This thread has been locked.

If you have a related question, please click the "Ask a related question" button in the top right corner. The newly created question will be automatically linked to this question.

How to improve C6678 EVM ethernet speed

Other Parts Discussed in Thread: SYSBIOS

Based on the demo image-processing project (IPC version), the test result on Ethernet speed is ~55Mbs/s for transmitting data from DSP to PC, ~220Mb/s for receiving data from PC.

Does anyone have experience to improve the Ethernet speed on 6678 evm board ?

Thanks a lot

  • There should be someone use 1.0 Gb connection for EVM 6678, what's your Ethernet speed ?

    Since my receiving speed is 4x the transmitting speed, there must be some way to improve the tx speed.

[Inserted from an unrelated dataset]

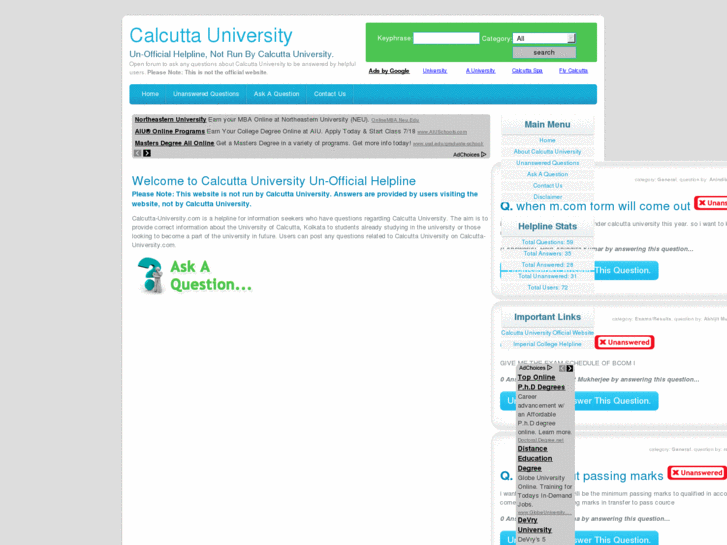 www.calcutta-university.com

Can anyone give some ideas where the problem should be, the configuration, the queue number, etc... ?

    Thanks

  • Adding the Tx buffer size from 8192 to 64000 could double the speed to ~100Mb /s. 

    There is no effect by adding the Rx buffer size.

    Also there is no effect by increasing the PKT_NUM_FRAMEBUF in pbm_data.c

    Could those TI experts give any suggestion?

    Thanks

  • Hi,

    Any idea what could be causing this? I'm getting similar results.

    Thanks

  • Hi,

    there are multiple problems with the NIMU driver for the C6678:

    If you increase the TCP transmit buffer to 32 kB or more, the driver will start dropping packets, because the TX packet queue can hold only 16 packets.
    See also:
    http://e2e.ti.com/support/embedded/bios/f/355/p/253488/891759.aspx

    The NIMU driver uses the CSL cache API, which doesn't implement a workaround for a silicon bug:
    http://e2e.ti.com/support/embedded/bios/f/355/t/253237.aspx

    There is also a potential problem with the prefetch buffer:
    http://e2e.ti.com/support/dsp/c6000_multi-core_dsps/f/639/p/214649/762847.aspx

    After fixing these issues and some other improvements im getting about 920 Mbit/s for TCP transmission.

    Ralf

  • Hi Ralf, can you explain exactly how you you changed the driver to use the SYS/BIOS API instead of the CSL api?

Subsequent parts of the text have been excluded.